Claims
- 1. A descaling apparatus for the continuous descaling of an advancing metal surface without the use of caustic materials, said apparatus comprising:
a supply of media under a fluid pressure; a blast head having at least one blast nozzle in fluid communication with said supply of media, said blast nozzle positioned in proximity to the advancing metal surface and spraying said media onto at least one portion of the advancing metal surface; and an abrading device abrading the portion of the metal surface sprayed with media by the blast nozzle, said abrading device and blast head cooperating to descale said at least one portion of the advancing metal surface.
- 2. The descaling apparatus of claim 1, wherein said supply of media is a supply of nonmetallic media.
- 3. The descaling apparatus of claim 2, wherein said nonmetallic media have smooth edges.
- 4. The descaling apparatus of claim 3, said nonmetallic media with smooth edges comprising a plurality of ceramic beads.
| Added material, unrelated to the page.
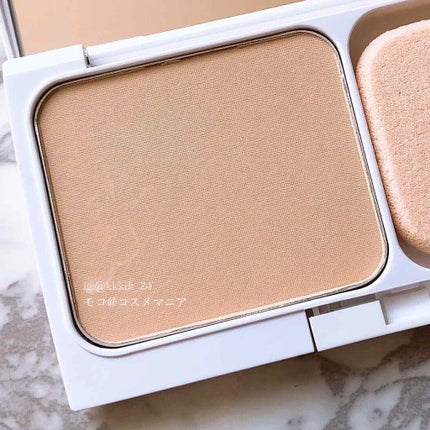 マルシュールパウダリーファンデーション/marcheur(マルシュール)/パウダーファンデーションを使ったクチコミ(2枚目)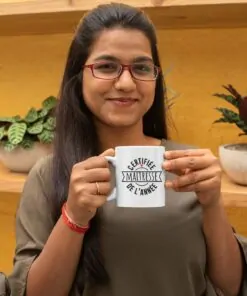 Mug - Certifiée Maitresse De L'année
- 5. The descaling apparatus of claim 4, wherein said ceramic beads have a mean particle diameter within a range of 0.025 mm to 1 mm.
- 6. The descaling apparatus of claim 4, wherein said ceramic beads have a mean particle diameter within a range of 0.07 mm to 0.14 mm.
- 7. The descaling apparatus of claim 3, said nonmetallic media with smooth edges comprising a plurality of glass beads.
- 8. The descaling apparatus of claim 1, further comprising at least one hose for supplying the fluid pressure and media to said at least one nozzle.
- 9. The descaling apparatus of claim 1, said abrading device comprising at least one brush for abrading the at least one portion of the metal surface.
- 10. The descaling apparatus of claim 9, said brush having a plurality of radially extending metal bristles.
- 11. The descaling apparatus of claim 10, wherein said metal bristles are stainless steel bristles with a tip diameter of 0.1 mm to 0.5 mm.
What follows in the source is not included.